* **Input**
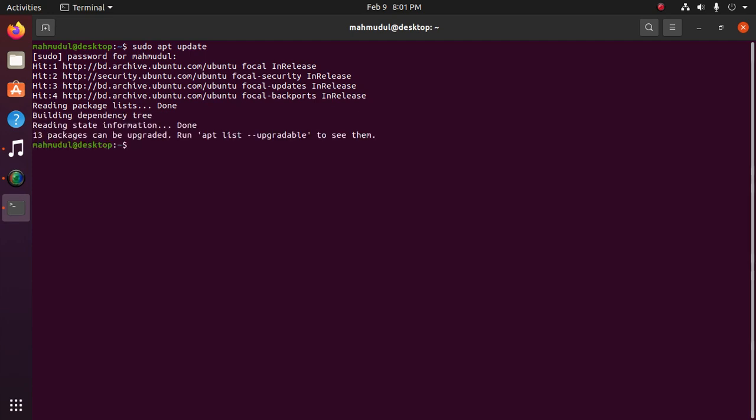Now use this command to install IDLE: sudo apt install idle. You must use sudo privilege with this command.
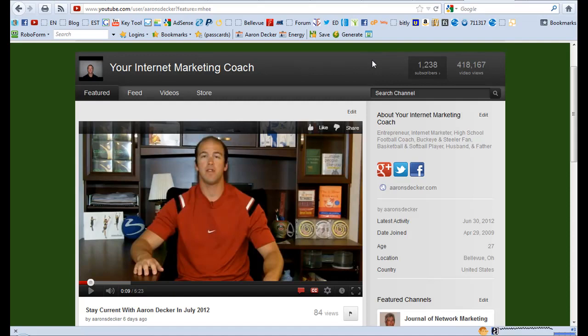Again my name is Aaron Decker. I hope you enjoyed this video. If you did, give me a thumbs up, like my video, maybe add it to a favorite playlist or leave a comment if you like. Thank you and have a great day.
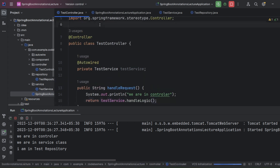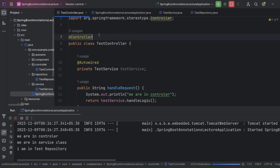These stereotype annotations are just extensions to the Component annotation. They define for Spring what each class or package does, making the code more readable - clearly showing where API requests are handled, where database connections exist, and where the actual logic is written. Thank you for watching; do follow this series as we slowly move toward advanced annotations. Hit the like and subscribe button.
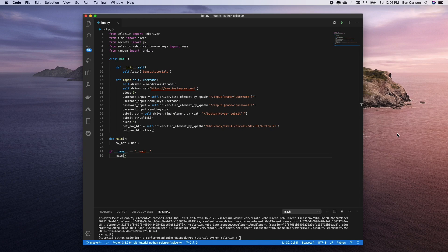How's it going everybody, welcome to the video. This is part two of my Python and Selenium series. Last video we started this and we were able to log into Instagram using Python and Selenium.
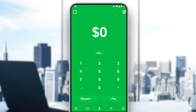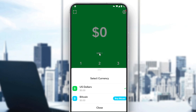Launch the application. Here, as you can see, this will be your main screen. What you need to do is toggle from USD to BTC by tapping on USD here on the Cash App home screen. As you can see, if we click on that, we have two options: US Dollars and Bitcoin.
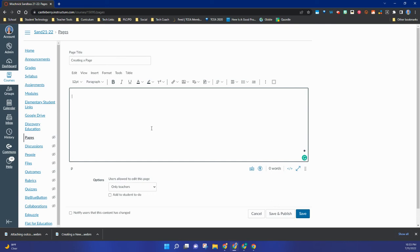You can insert pictures and videos and everything, all kinds of content that you can add to a page. It's basically just like a website, so you have a lot of options to be able to create engaging materials for your students. And that is how you start to create a page in Canvas.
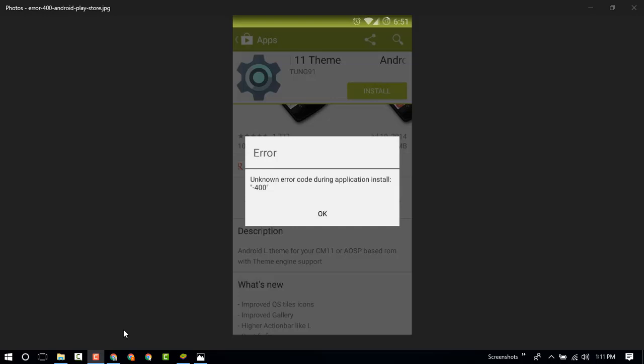Hello guys, in this video I am going to tell you how to fix Google Play Store Error 400 and 410. Sometimes we face this error on the Play Store when downloading or installing apps and other things.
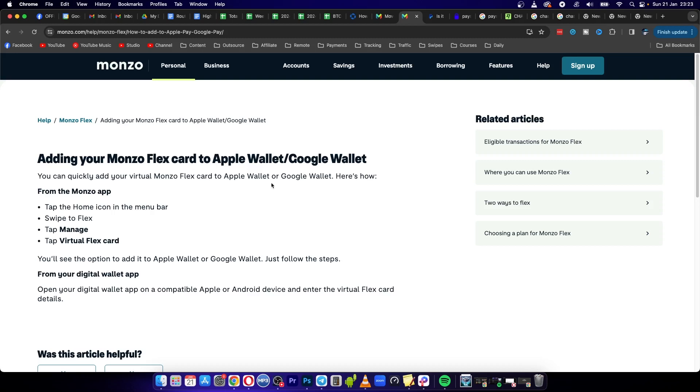You want to make sure that you have your Monzo Flex card ready as well as your iPhone with your Apple Wallet. There's mainly two different ways that you can go ahead and do this.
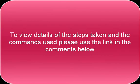To view details of the steps taken and the commands used, please use the link in the comments below.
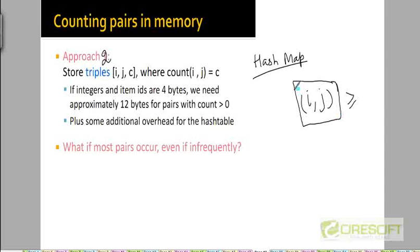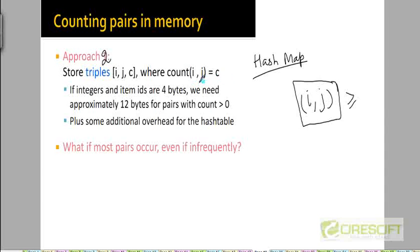As soon as we discover a new pair of items which we had not seen before during our second pass, we'll create an entry for it in the hash map and set its count to one. The next time we see that same pair again, we will look up the hash map and add one to the count. So if the count of the pair i,j is c, we store the value c in the hash map where the key is the ordered pair i,j.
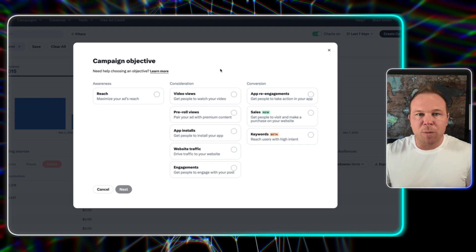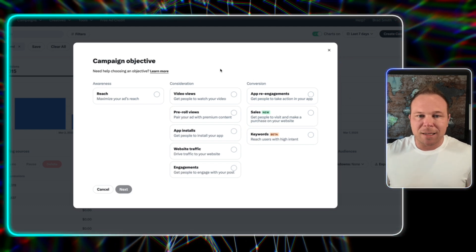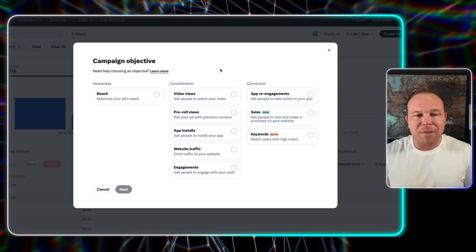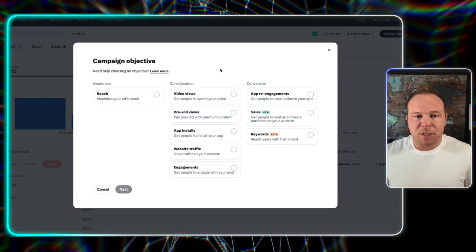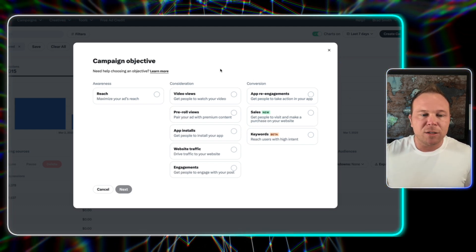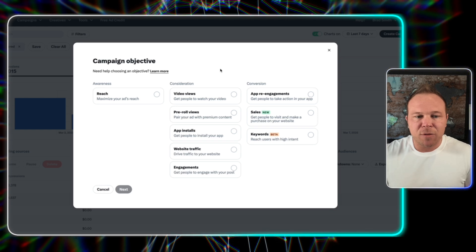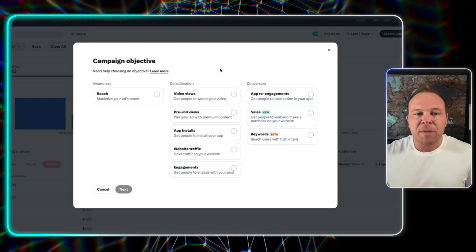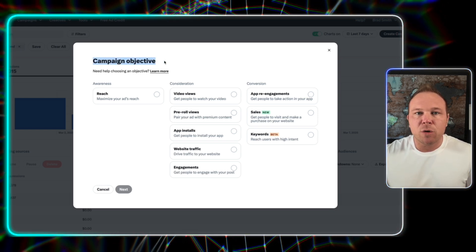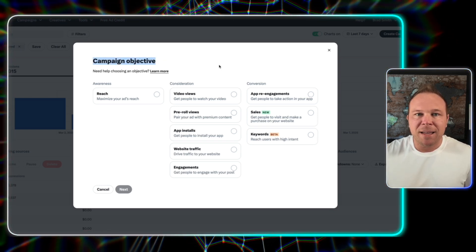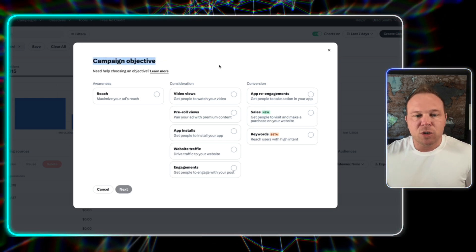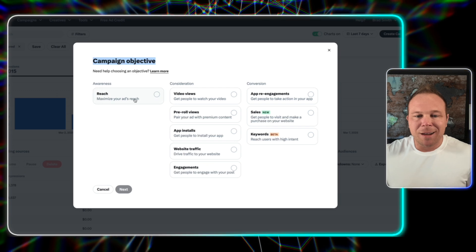All right. So first we want to create an X ad account. I've got a ton of videos on my channel showing you how to do that. Go create your X ad account if you haven't done so. Next, you're going to want to go create a campaign. And I always choose reach.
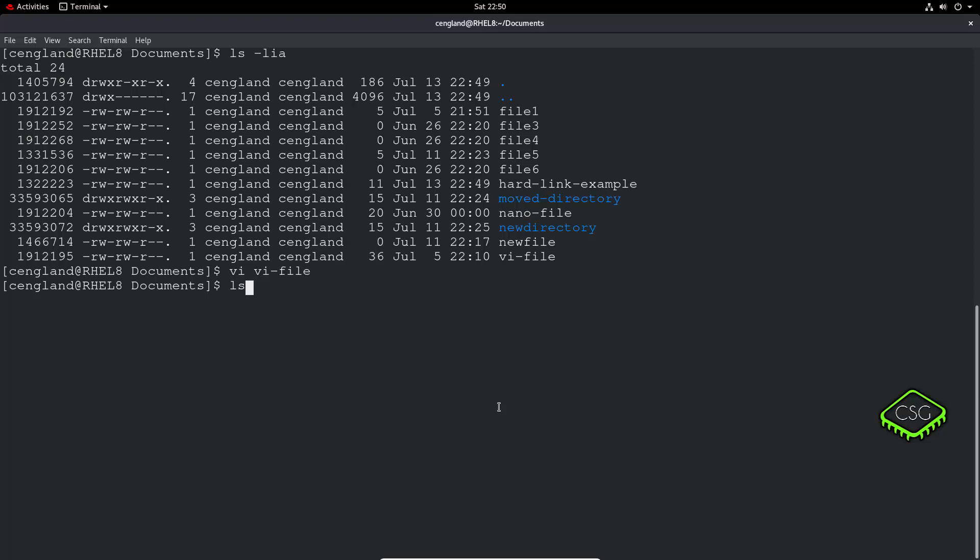So let's do ln -s, and that -s means symbolic or symlink or softlink. People call it all kinds of different names, and ln obviously is link. And then we put the location of the file we want to link to. So vi-file, and then whatever we want to call the link. So we could call it simlink-vi-file.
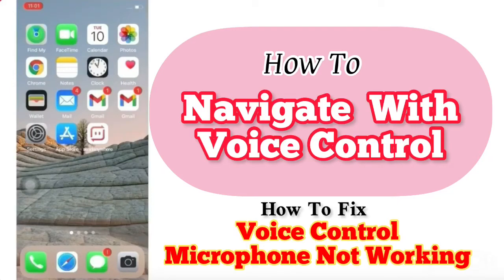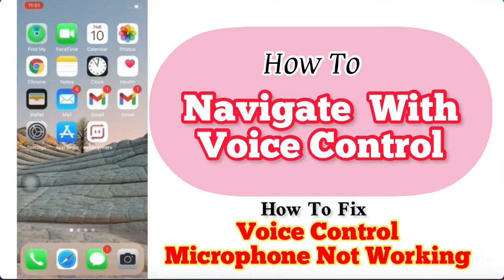How to navigate with Voice Control on iPhone or iPad. With Voice Control, you can control your iPhone or iPad just using your voice, without any cellular or mobile data, without any Wi-Fi, without any internet.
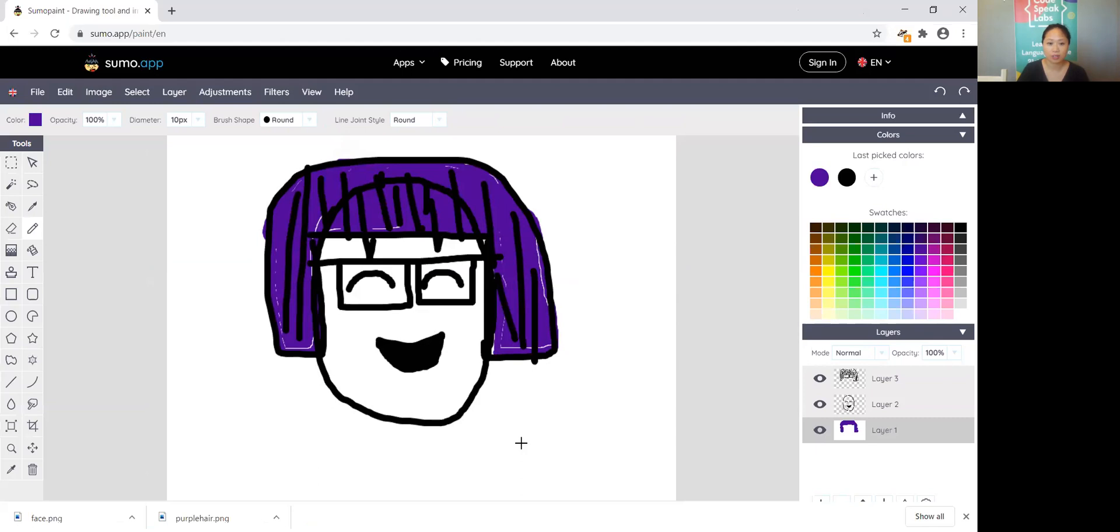So I hope you all have fun doing that review of Sumo paint. We're going to do a lot more work using layers and digital illustration very soon. Take care everyone.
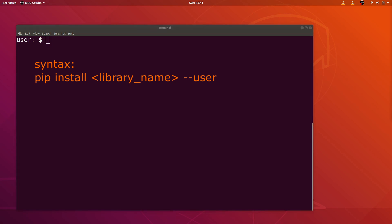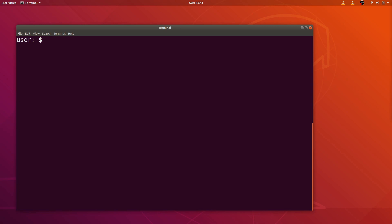Now we proceed. We type the command pip install, then the library name which in this case is pandas.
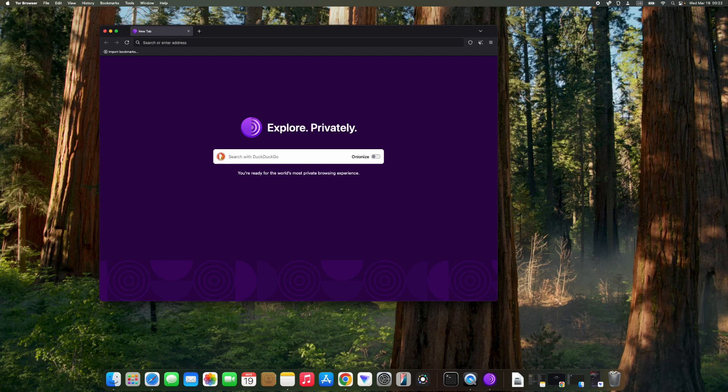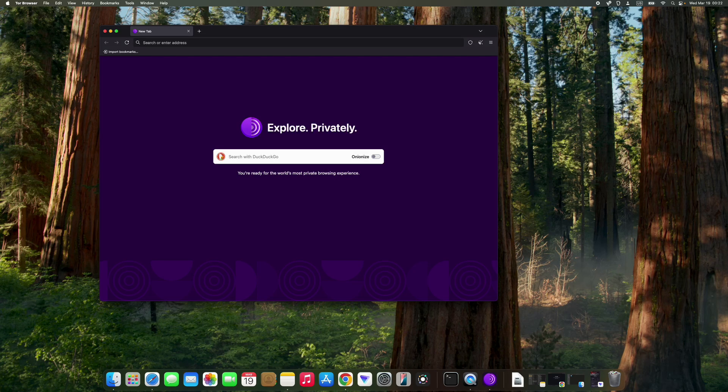So basically, this is how to install Tor Browser on your macOS. If this video was helpful, you can...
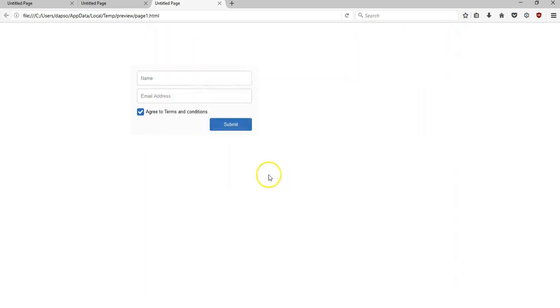So that is how to create this particular condition form in Visible Web Builder. Thank you very much for watching. Bye for now.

* **What needs to be done**
Begin at the line in the entries above that has "To view details", stop after the line that has "So let's do", and output exactly those lines without pictures.

* **Result for this task**
To view details of the steps taken and the commands used, please use the link in the comments below.
As soon as we discover a new pair of items which we had not seen before during our second pass, we'll create an entry for it in the hash map and set its count to one. The next time we see that same pair again, we will look up the hash map and add one to the count. So if the count of the pair i,j is c, we store the value c in the hash map where the key is the ordered pair i,j.
All right. So first we want to create an X ad account. I've got a ton of videos on my channel showing you how to do that. Go create your X ad account if you haven't done so. Next, you're going to want to go create a campaign. And I always choose reach.
So let's do ln -s, and that -s means symbolic or symlink or softlink. People call it all kinds of different names, and ln obviously is link. And then we put the location of the file we want to link to. So vi-file, and then whatever we want to call the link. So we could call it simlink-vi-file.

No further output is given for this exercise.